A ausência de punição dos crimes cometidos durante o regime militar foi o ponto central da exposição do jurista Fábio Konder Comparato na conferência Direitos Humanos e Comissão da Verdade. Realizado no dia 24 de abril, o evento marcou o lançamento da edição 77 da revista "Estudos Avançados", que traz, entre seus destaques, uma entrevista com o expositor (assista ao vídeo).

Comparato, que é professor emérito da Faculdade de Direito (FD) da USP, dedicou sua fala a tentar compreender a reação moderada da sociedade brasileira frente às "atrocidades" cometidas pelo regime militar, a partir de uma comparação com a resposta da sociedade argentina diante da mesma situação.

De acordo com ele, embora os regimes militares tenham sido muito semelhantes nos dois países, a sociedade argentina foi mais rápida e exigente na cobrança de punição. Após o fim do regime, criou-se uma comissão para investigar o desaparecimento de pessoas e, em 2005, a Corte Suprema Argentina considerou inconstitucional a Lei de Anistia.

"Iniciaram-se, então, os processos criminais contra agentes públicos envolvidos em crimes políticos durante o regime", afirmou o jurista, ressaltando que mais de 200 pessoas foram condenadas à prisão na Argentina, entre elas dois chefes de estado, que cumprem pena de prisão perpétua.

Já o Brasil, disse o professor, é hoje o único país da América Latina onde não se abriram processos criminais contra os crimes políticos cometidos pelos regimes militares. Aqui, a Lei da Anistia continua em vigor e aplica-se não só a agentes públicos, mas também a autores de crimes conexos, o que inclui os grupos de resistência da sociedade civil.

Comissão da Verdade

Na sentença em que condenou o Brasil por utilizar a Lei da Anistia para não julgar os agentes públicos envolvidos na Guerrilha do Araguaia, a Corte Interamericana de Direitos Humanos estabeleceu que a lei carece de efeitos jurídicos e deu um prazo para que o Estado a reveja.

Segundo Comparato, a Comissão Nacional da Verdade pretende apenas dar a impressão de estar cumprindo as determinações da Corte, mas sem enfrentar de fato o problema da Lei da Anistia: "A oligarquia pressionou e o Congresso neutralizou comissão".

O jurista frisou que, pelo menos, a comissão decidiu concentrar-se apenas na atuação repressiva criminosa dos agentes públicos. "No entanto, optou por trabalhar em regime de sigilo, uma decisão politicamente errada, porque o objetivo de comissões relacionadas a violações de direitos humanos deveria ser o de abrir a consciência nacional."

Mentalidade brasileira

Comparato também explorou as razões pelas quais a reação da sociedade diante dos crimes cometidos durante o regime militar é tão branda. Entre elas, ressaltou a influência da herança escravocrata na mentalidade coletiva do povo brasileiro.
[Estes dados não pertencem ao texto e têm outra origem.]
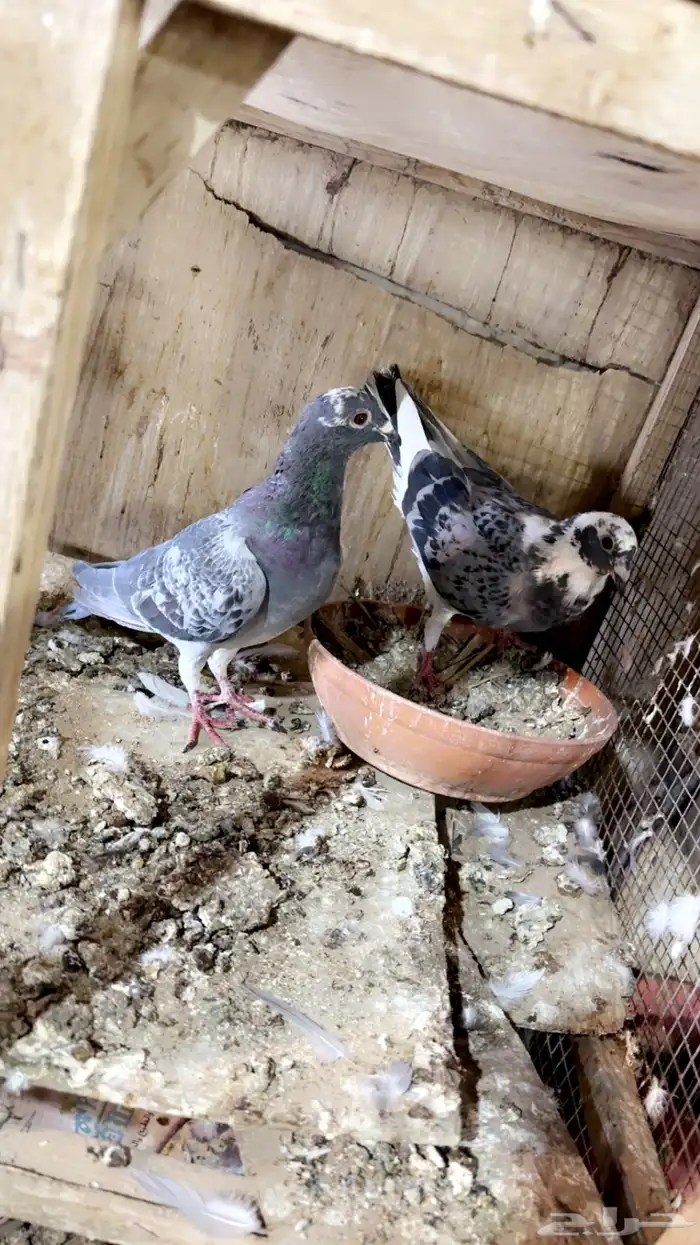 زاجل سباق 8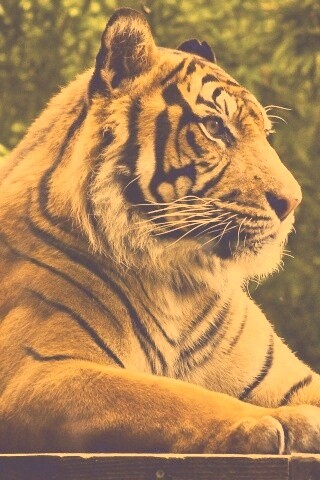Тигр обои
"No Brasil, a escravidão dos africanos e afrodescendentes influenciou profundamente a mentalidade coletiva e os costumes sociais, que ficou marcada pela subserviência das classes pobres aos poderosos", disse, realçando que essa subserviência estabelece limites para legislação.

Debatedor

Ao final da exposição de Comparato, o advogado Marco Antônio Rodrigues Barbosa, ex-presidente e integrante da Comissão de Justiça e Paz de São Paulo, fez algumas considerações, retomando pontos enfatizados pelo professor.
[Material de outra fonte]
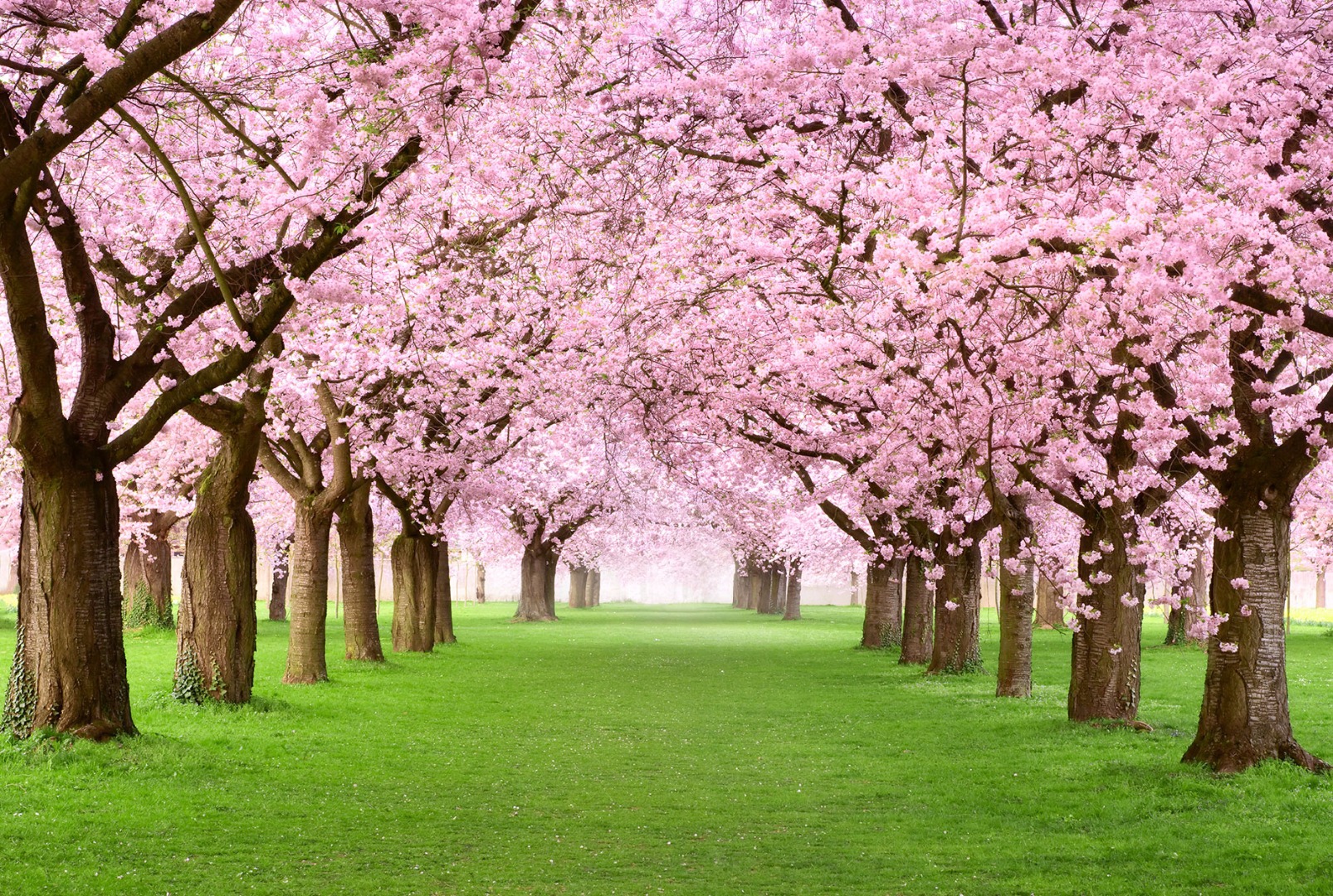 Bloesem bomen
Barbosa afirmou que a Comissão Nacional da Verdade vem realizando um importante trabalho na identificação e no reconhecimento de pessoas mortas e desaparecidas, além de ter trazido à tona aspectos fundamentais, como a possibilidade de convocar depoentes, e não de apenas convidá-los.

De acordo com ele, o trabalho da comissão tem potencial e pode levar a uma revisão da Lei da Anistia: "Acho que a luta continua, apesar de todas essas mazelas, violações. Pode ser apenas otimismo, mas ainda tenho esperança. A partir do momento que houve a prolação da sentença de Vladimir Herzog, o juiz determinou expedição de ofício para reconhecer e punir o torturador. É mais um episódio que pode ser suscitado nessa luta que vem sendo empreendida".

Ao final do evento, o jurista José Gregori, presidente da Comissão de Direitos Humanos da USP e integrante da Cátedra Unesco de Educação para a Paz, Direitos Humanos, Democracia e Tolerância, sediada no IEA, manifestou sua concordância com muitas das ponderações de Comparato, mas ressaltou que, na sua opinião, o processo de consolidação democrática no Brasil vem se mostrando mais sólido do que o argentino.